Start of Block

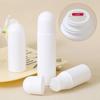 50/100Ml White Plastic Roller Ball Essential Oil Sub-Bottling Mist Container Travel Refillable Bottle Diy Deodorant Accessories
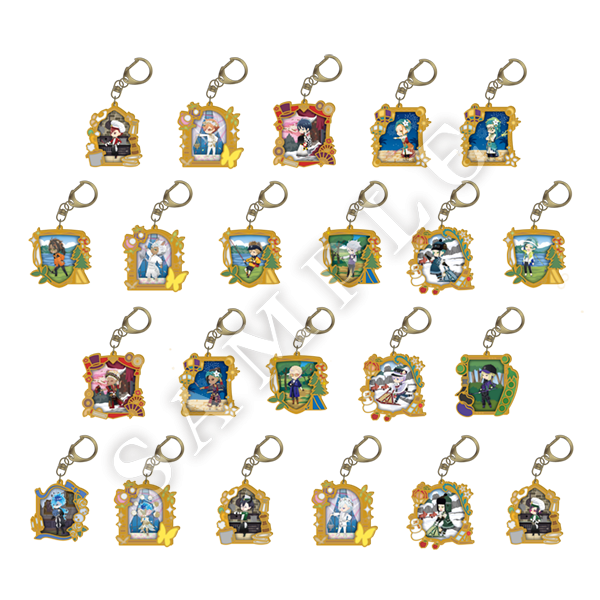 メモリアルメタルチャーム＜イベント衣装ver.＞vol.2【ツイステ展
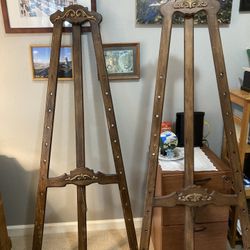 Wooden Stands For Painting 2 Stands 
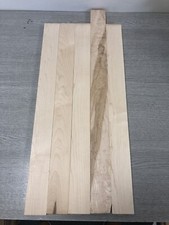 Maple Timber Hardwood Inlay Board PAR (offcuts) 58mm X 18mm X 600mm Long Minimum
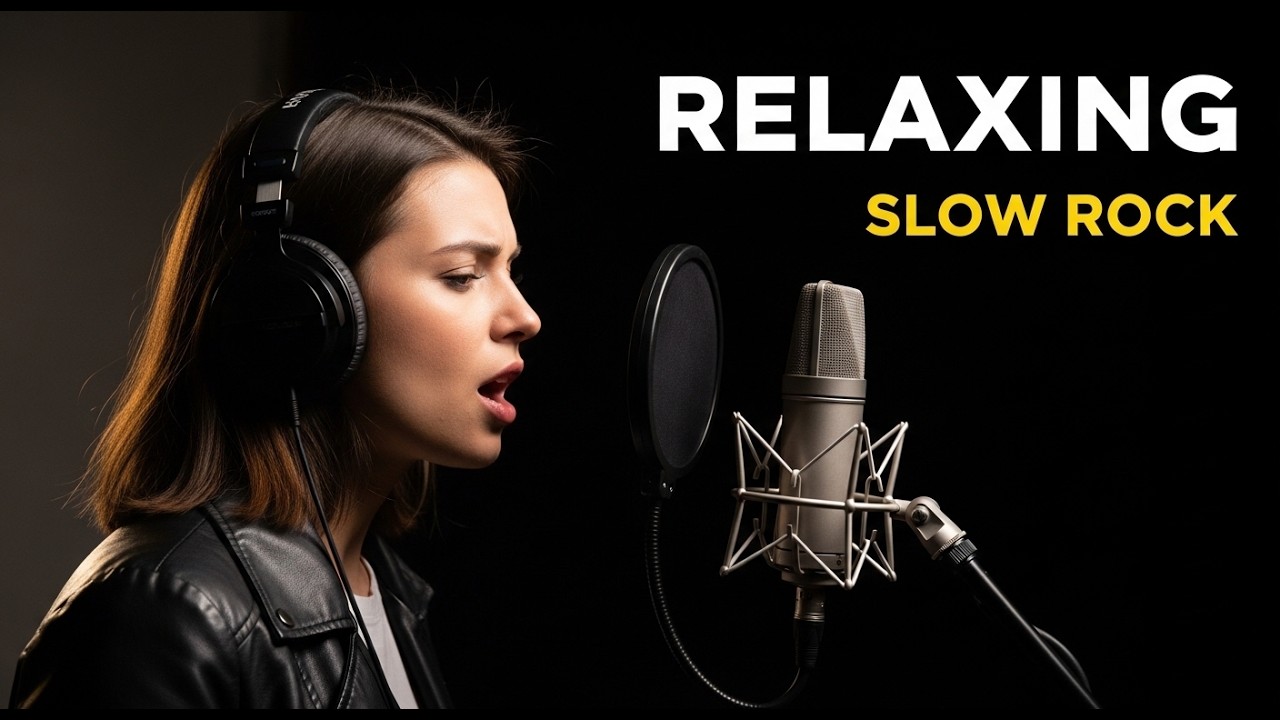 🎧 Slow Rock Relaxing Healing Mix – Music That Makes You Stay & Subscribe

End of Block
Start of Block

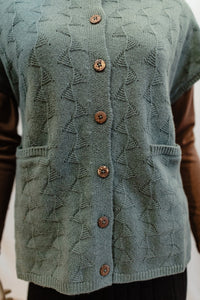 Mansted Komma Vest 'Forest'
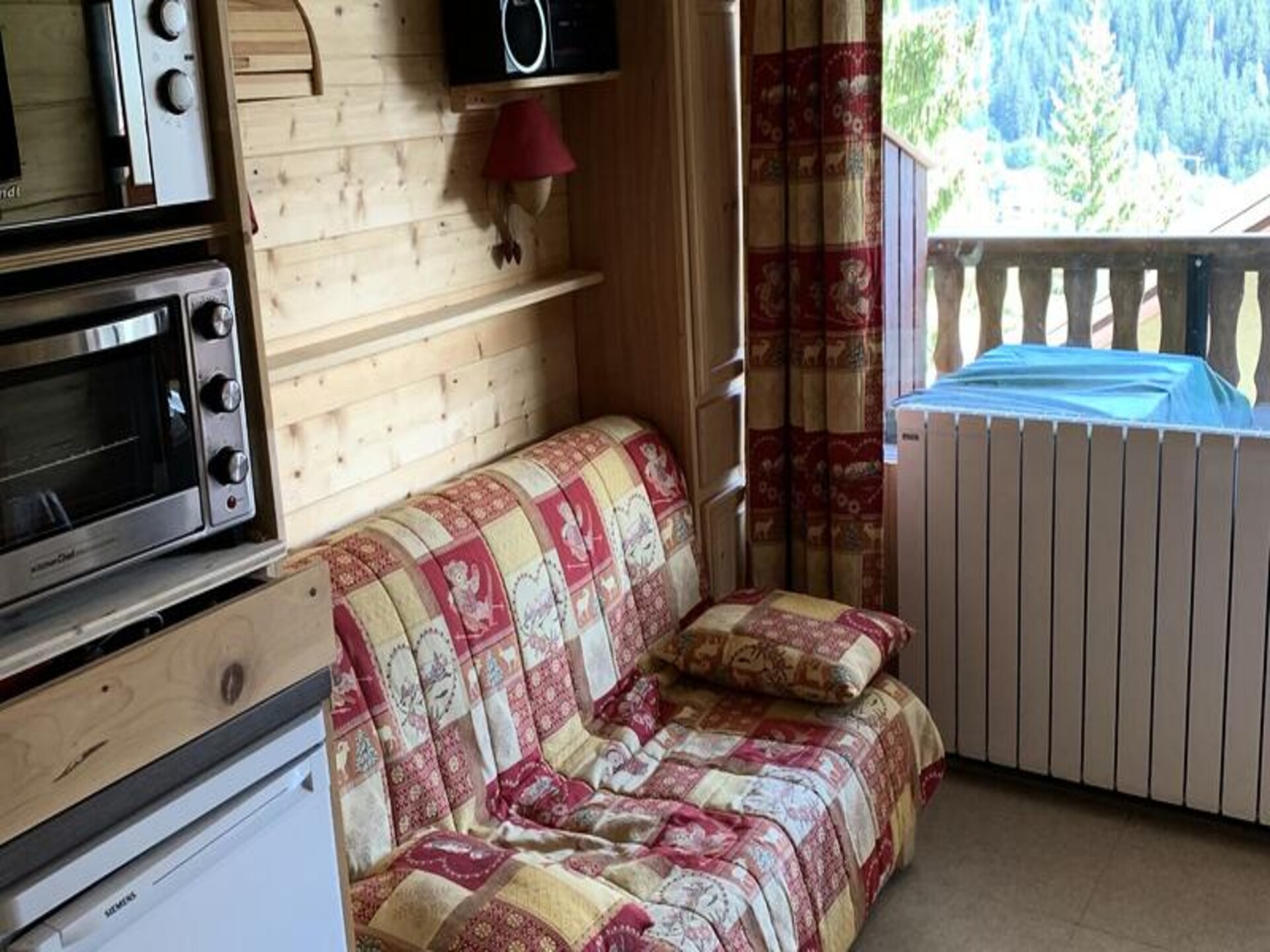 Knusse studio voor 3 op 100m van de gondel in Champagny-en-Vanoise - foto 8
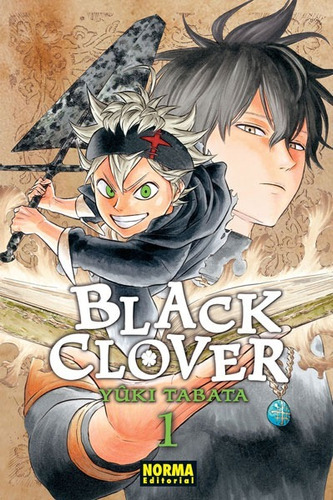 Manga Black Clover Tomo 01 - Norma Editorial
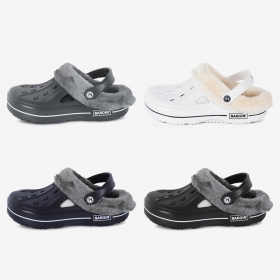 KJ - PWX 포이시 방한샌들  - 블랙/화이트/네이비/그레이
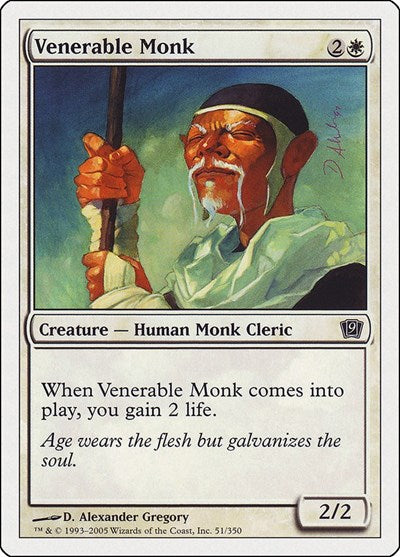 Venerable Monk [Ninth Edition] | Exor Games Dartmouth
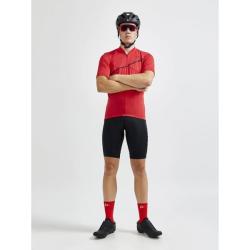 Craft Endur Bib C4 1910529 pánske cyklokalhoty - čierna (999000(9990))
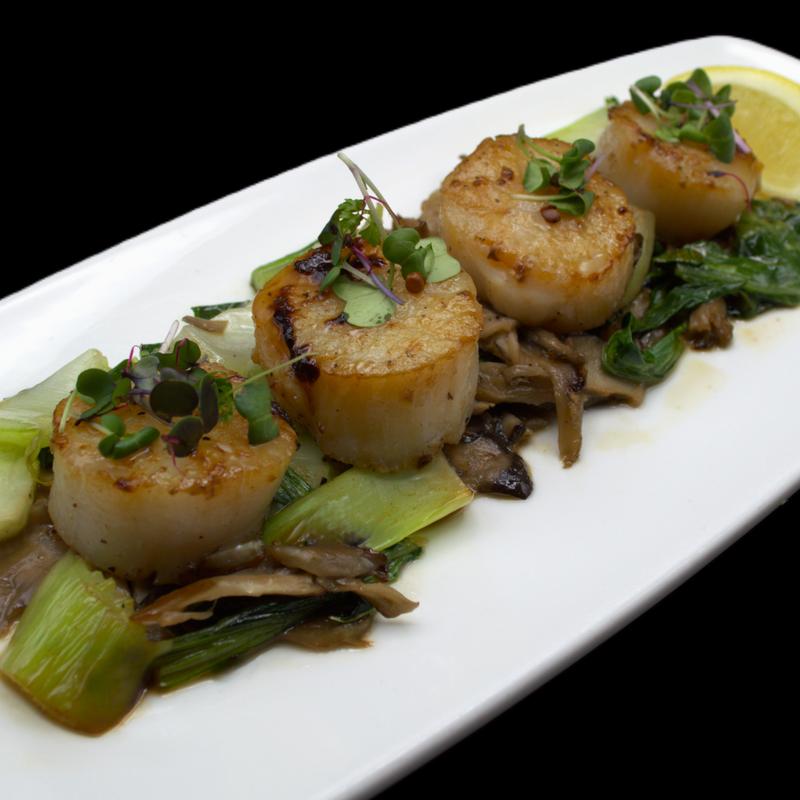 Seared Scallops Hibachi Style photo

End of Block

Task requirements: After locating "Venerable Monk [Ninth" and "Seared Scallops Hibachi Style photo" in the records above, return exactly the line holding each one and every line between them; leave out the pictures.

Task answer:
 Venerable Monk [Ninth Edition] | Exor Games Dartmouth
 Craft Endur Bib C4 1910529 pánske cyklokalhoty - čierna (999000(9990))
 Seared Scallops Hibachi Style photo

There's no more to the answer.